(RECORDS SUPPLIED):
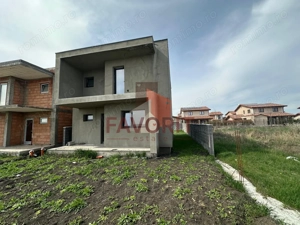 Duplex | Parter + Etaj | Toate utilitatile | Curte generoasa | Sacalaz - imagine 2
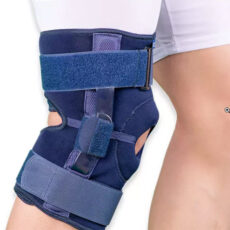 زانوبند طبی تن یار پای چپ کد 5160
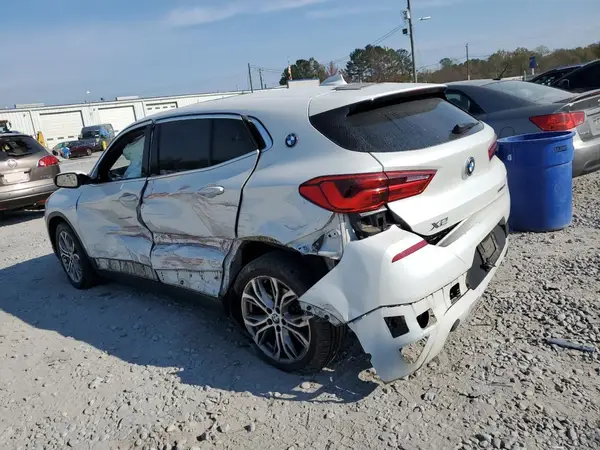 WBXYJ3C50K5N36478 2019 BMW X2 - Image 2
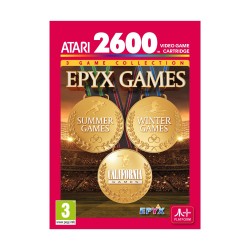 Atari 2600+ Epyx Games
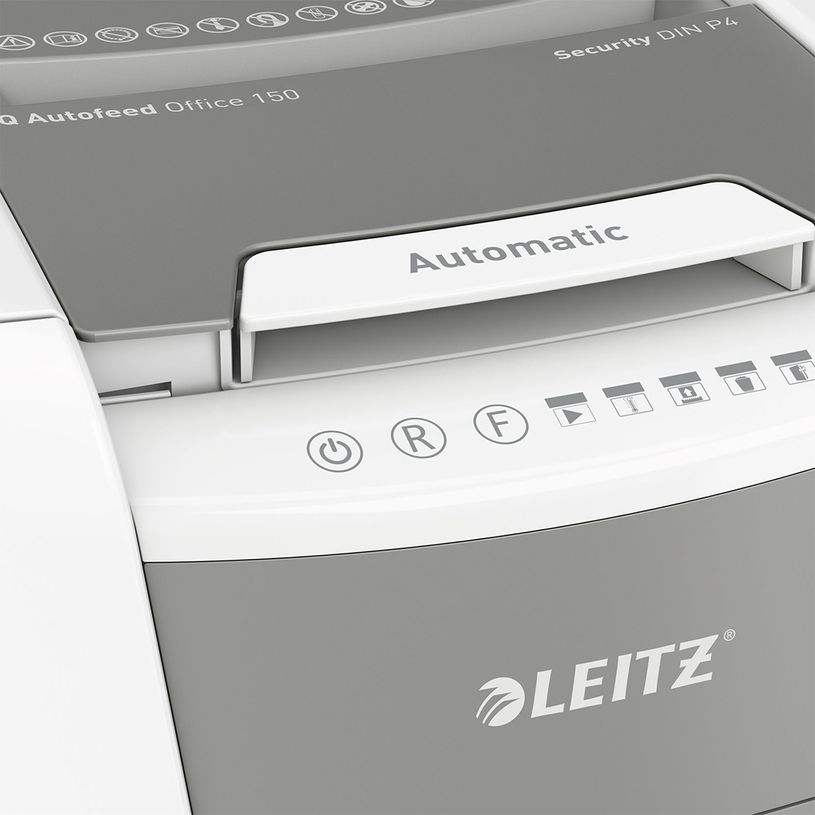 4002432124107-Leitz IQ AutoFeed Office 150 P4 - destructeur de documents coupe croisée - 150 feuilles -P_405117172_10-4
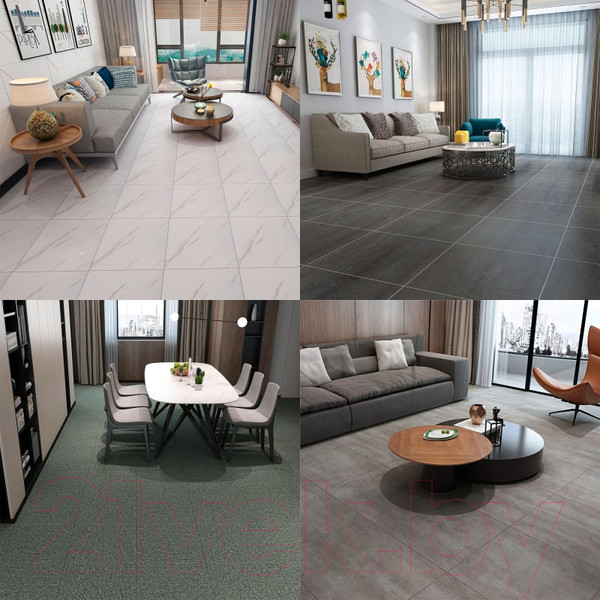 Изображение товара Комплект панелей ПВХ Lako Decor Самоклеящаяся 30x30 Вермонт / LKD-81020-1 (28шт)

(WHAT THE EXERCISE ASKS): Print the lines from the one that contains "4002432124107-Leitz IQ AutoFeed" through the final line of the material above, exactly and only those, with pictures left out.

(ANSWER SPACE):
 4002432124107-Leitz IQ AutoFeed Office 150 P4 - destructeur de documents coupe croisée - 150 feuilles -P_405117172_10-4
 Изображение товара Комплект панелей ПВХ Lako Decor Самоклеящаяся 30x30 Вермонт / LKD-81020-1 (28шт)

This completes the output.